Yes, Dr. Fell is based on Chesterton - physical descriptions of Dr. Fell seem to match those of Chesterton, who was certainly one of Carr's favorites. Doug Greene, in his excellent biography of Carr, calls Chesterton "Carr's literary idol," and notes that Dr. Fell's speech patterns are also drawn from Chesterton. The paradoxes are another clue; so, I believe, is Dr. Fell's fondness for good English beer.
Posted by: Les Blatt | April 23, 2010 at 04:18 PM
I've only managed to find the odd ImPress book through second-hand stores. I don't think there's anywhere online that specializes in selling them. I think the Readers' Digest website has a few of the more current volumes for sale. It might be a book or two by Dorothy Sayers, if I remember right. Like you can't find those anywhere else.

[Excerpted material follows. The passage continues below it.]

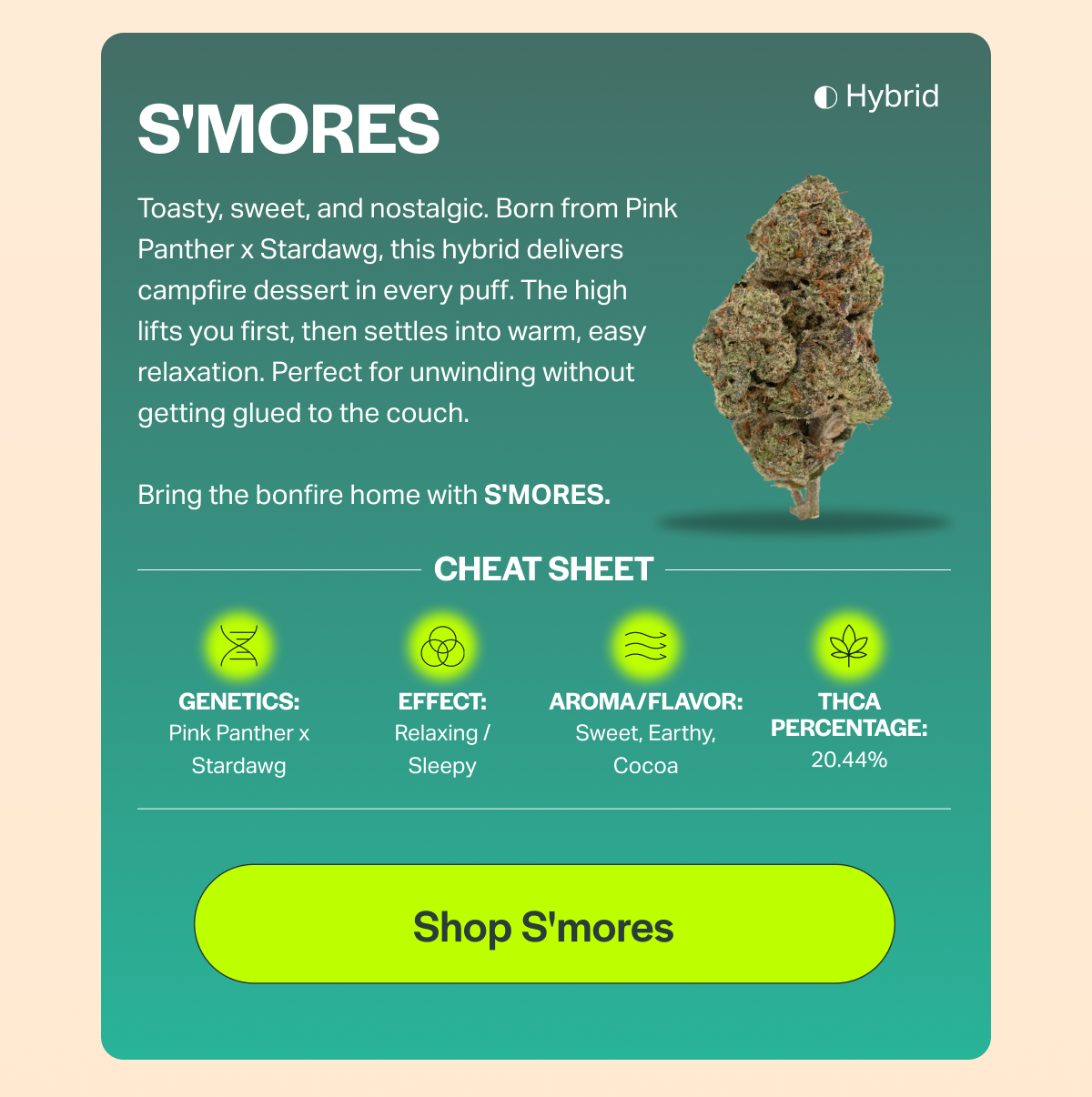 S'MORES Toasty, sweet, and nostalgic. Born from Pink Panther × Stardawg, this hybrid delivers campfire dessert in every puff. The high lifts you first, then settles into warm, easy relaxation. Perfect for unwinding without getting glued to the couch. Bring the bonfire home with S'MORES. CHEAT SHEET GENETICS: Pink Panther x Stardawg EFFECT: Relaxing / Sleepy AROMA/FLAVOR: Sweet, Earthy, Cocoa [Shop S'mores] • Hybrid THCA PERCENTAGE: 20.44%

Which brings us to the weirdness of the ImPress ImPrint. Some of the books are hard-to-find classics like Calamity Town by Ellery Queen (which I own, but have yet to read) and Ashenden, or the British Spy by Somerset Maugham (which I have yet to find, but I'm looking).
But the ImPress line also puts out ubiquitous books like The Maltese Falcon, The Big Sleep, and The Scarlet Pimpernel, which don't--under any circumstances--cry out for new editions.
But I guess I can't complain too much. Readers' Digest isn't a house run by-mystery-nerds/for-mystery-nerds.
I should just thank them for The Three Coffins.